Der frühere Umweltminister Norbert Röttgen hat der Politik von Bundeskanzlerin Angela Merkel ein vernichtendes Zeugnis ausgestellt. Deutschland erlebe seit einiger Zeit eine ernste Krise, sagt der Vorsitzende des Auswärtigen Ausschusses im Bundestag dem "Spiegel". "Die Mitte schrumpft, die populistischen Ränder wachsen."
Dass sich politisch etwas verändern müsse, sei mit Händen zu greifen. "Es passiert aber nichts."
Das Jahr seit der Bundestagswahl sei ein "verlorenes Jahr", sagte Röttgen. Die Politik müsse wieder gestalten, "denn tun wir das nicht, wird es weiter dramatisch den Bach runtergehen". Dann werde die Union in Umfragen weiter absacken. Der nächste Parteitag der CDU Anfang Dezember werde entscheidend sein, so Röttgen, der im Jahr 2012 von Merkel als Minister entlassen worden war.
Die Wahl von Ralph Brinkhaus zum neuen Chef der Unionsfraktion habe gezeigt, "dass es einen Wunsch nach Veränderung gibt, der stärker war als der Wunsch der Kanzlerin". Wenn Merkel ihre Methode nicht ändere – was sie bislang nicht tue –, dann werde sich die Systemkrise verschärfen.
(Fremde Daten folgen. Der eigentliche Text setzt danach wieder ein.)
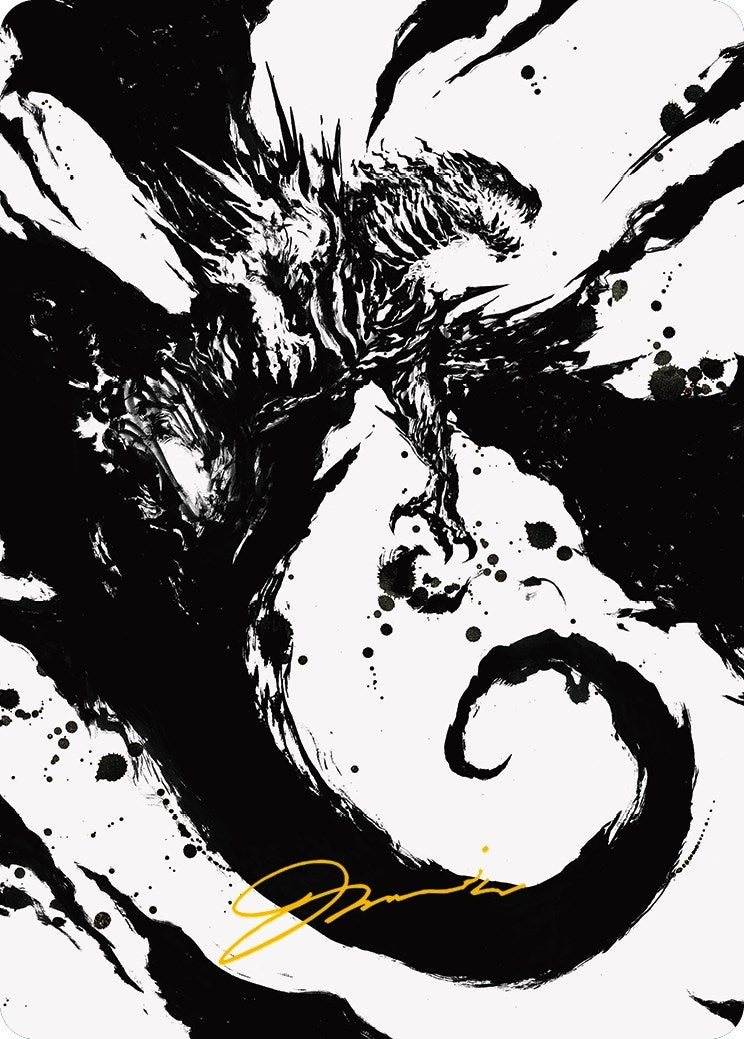 Image for Capricious Hellraiser Art Card (Gold-Stamped Signature) (Art Series: Phyrexia: All Will Be One) (73) - Magic: The Gathering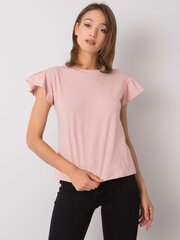 RUE PARIS vaaleanpunainen puuvillapusero. L/XL hinta ja tiedot | Naisten T-paidat | hobbyhall.fi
Röttgen hält eine Begrenzung der Amtszeit für Kanzler für sinnvoll. Röttgen kritisiert auch die Arbeit der Großen Koalition und spricht ihr die Kraft ab, die anstehenden Probleme zu lösen. Er sei schon nach dem Scheitern der Jamaikaverhandlungen der Meinung gewesen, die Große Koalition sei unter den möglichen schlechten Lösungen die schlechteste. "Leider gibt es keinen Grund, meine Meinung zu ändern. Die Große Koalition ist die Regierungsform der systemischen Erschöpfung, die den Wettbewerb auflöst und das Wachstum der Ränder befördert."